Goldman Sachs veteran Stephen Scherr has been named the bank’s new CFO, adding his investment banking experience to the management team of incoming Chief Executive David Solomon.
Scherr will take over from R. Martin Chavez on Nov. 5 after serving most recently as CEO of Goldman Sachs Bank USA and leading Goldman’s consumer and commercial banking division.

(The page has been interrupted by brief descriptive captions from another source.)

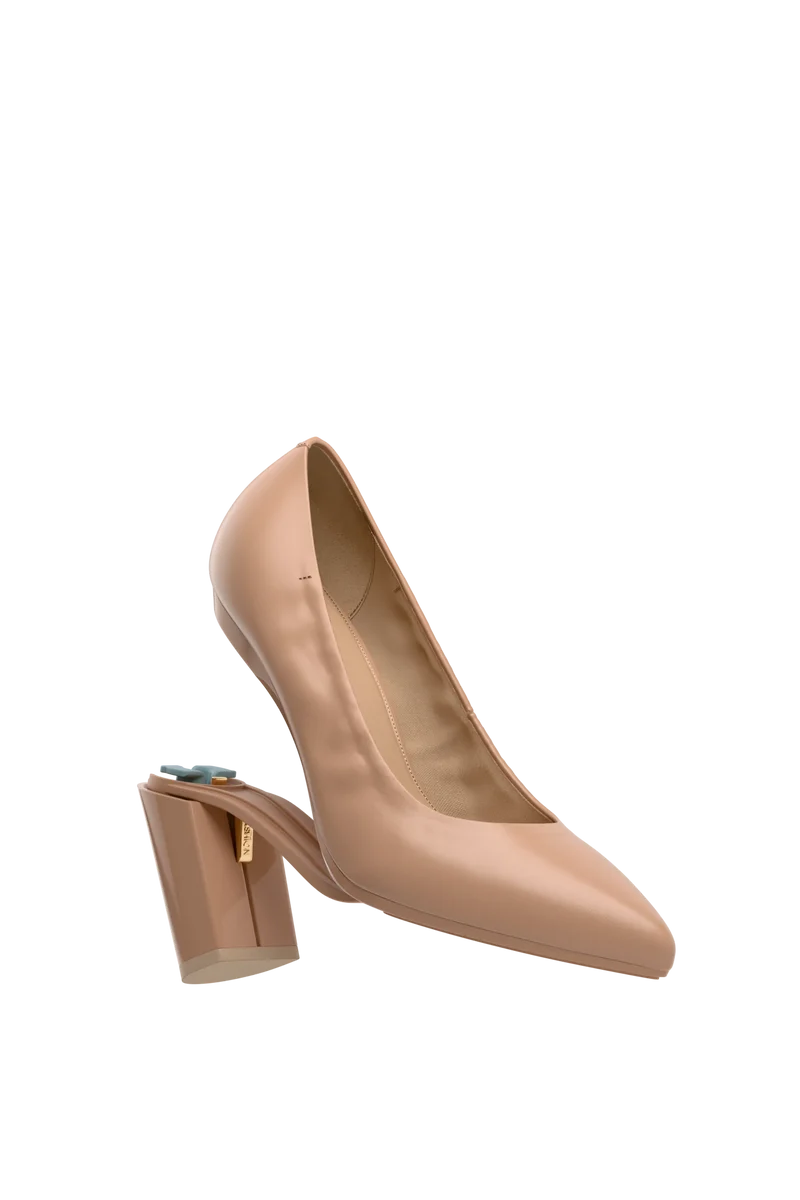The Pump Wide Width - Latte Stretch Leather 4 Block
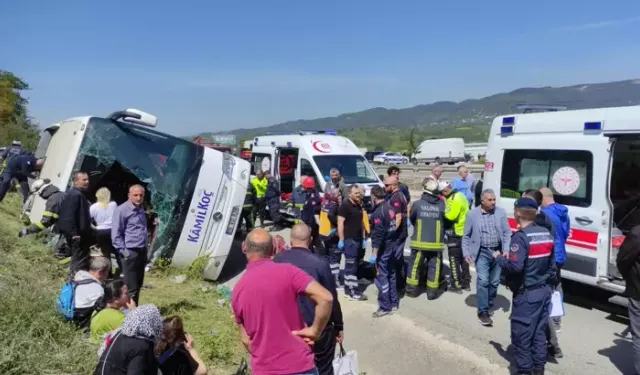 Yolcu Otobüsü Devrildi: 1 Ölü, 2 Yaralı!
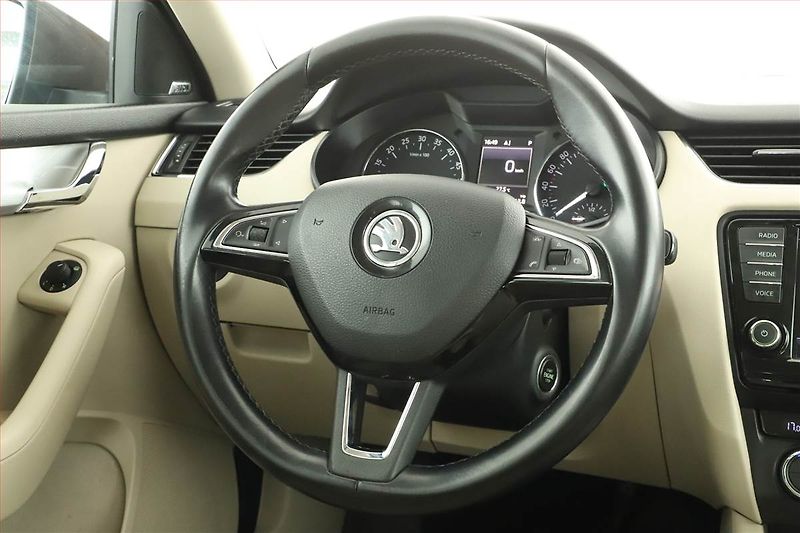 Škoda Octavia (2016) 2.0 TDI, 4X4, Automat - fotka 16 z 18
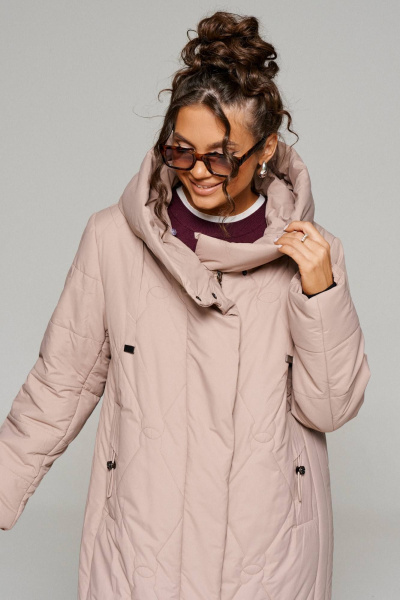Пальто прямого силуэта демисезонное из плащевки Beautiful&Free 6233 бежевый - фото 6
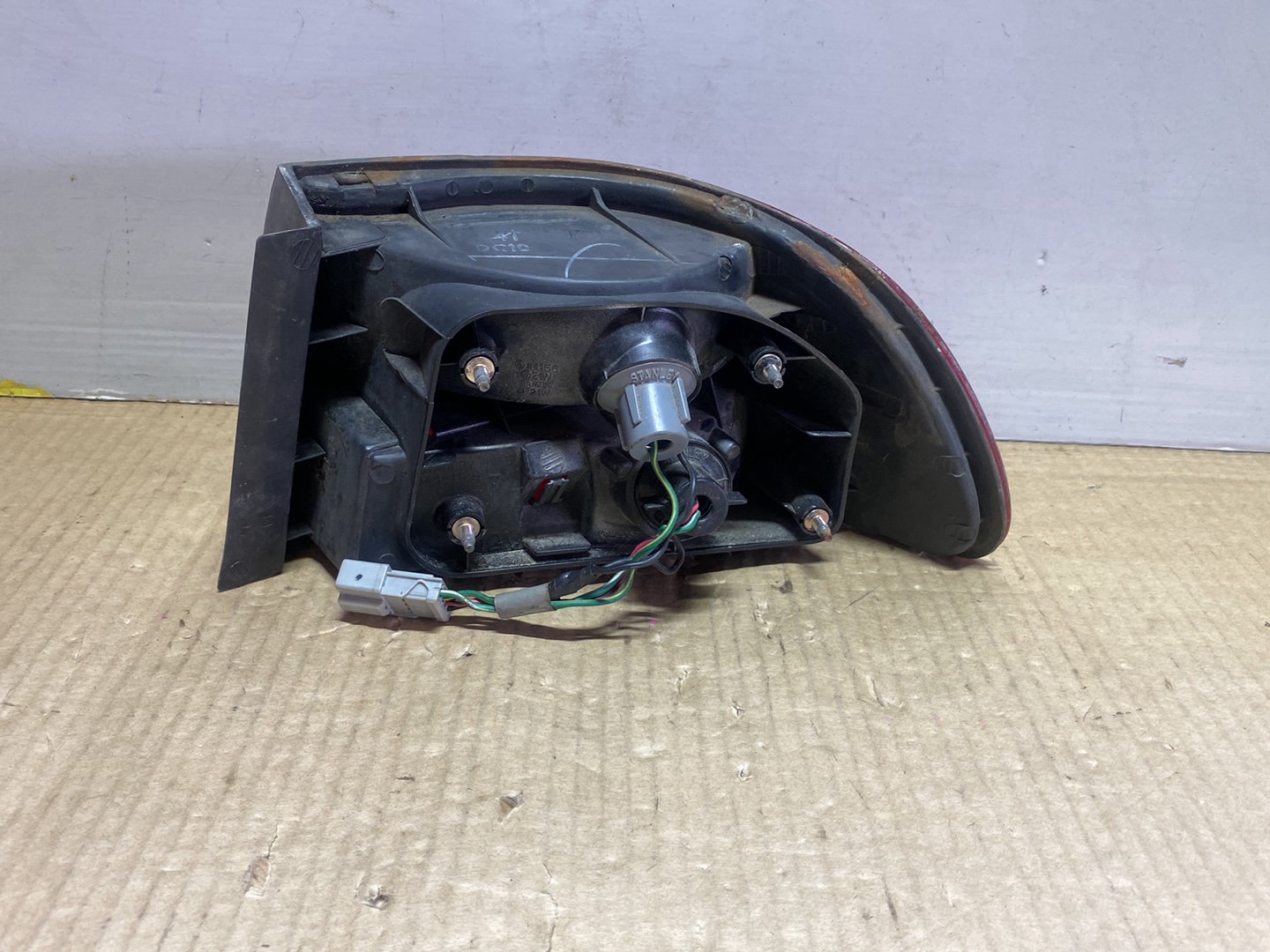 1994 Honda Civic - Left Taillight PN: STANLEY 043-1128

Chavez, the finance chief since May 2017, will return to the firm’s trading division as one of three co-heads.
Goldman also announced another key addition to Solomon’s team on Thursday, naming John Waldron, currently co-head of the investment banking division, as president and chief operating officer.
“John and Stephen will work closely with me to develop and execute our strategy, grow our client franchise, ensure strong risk and capital management and safeguard our unique culture,” Solomon, who will succeed Lloyd Blankfein as Goldman’s CEO on Oct. 1, said in a news release.
“I have worked with John and Stephen for nearly two decades and am confident that they bring the right complement of skills to help lead the firm through their respective roles,” he added.
As CNBC reports, “The management turnover represents the rise of veteran investment bankers over traders at Goldman Sachs.” While the trading division has dominated the firm for much of its history as a publicly traded company, Solomon, Waldron, and Scherr all have deep roots in investment banking.
“Advisory and capital markets desks have proved to be more dependable sources of revenue compared with trading, which has never recovered from a 2009-2010 high-water mark as regulation and calm markets stifled activity,” CNBC noted.
Scherr has also served as as chief operating officer of Goldman’s investment banking division, global head of the financing group, and chief strategy officer. Goldman said he has led its effort to “to build a digital consumer business that represents [a] significant opportunity to serve millions of new customers and meaningful new growth for the firm.”
“Among Solomon’s challenges are to execute on a $5 billion revenue growth plan by expanding the firm’s client base and pushing into consumer finance,” CNBC said.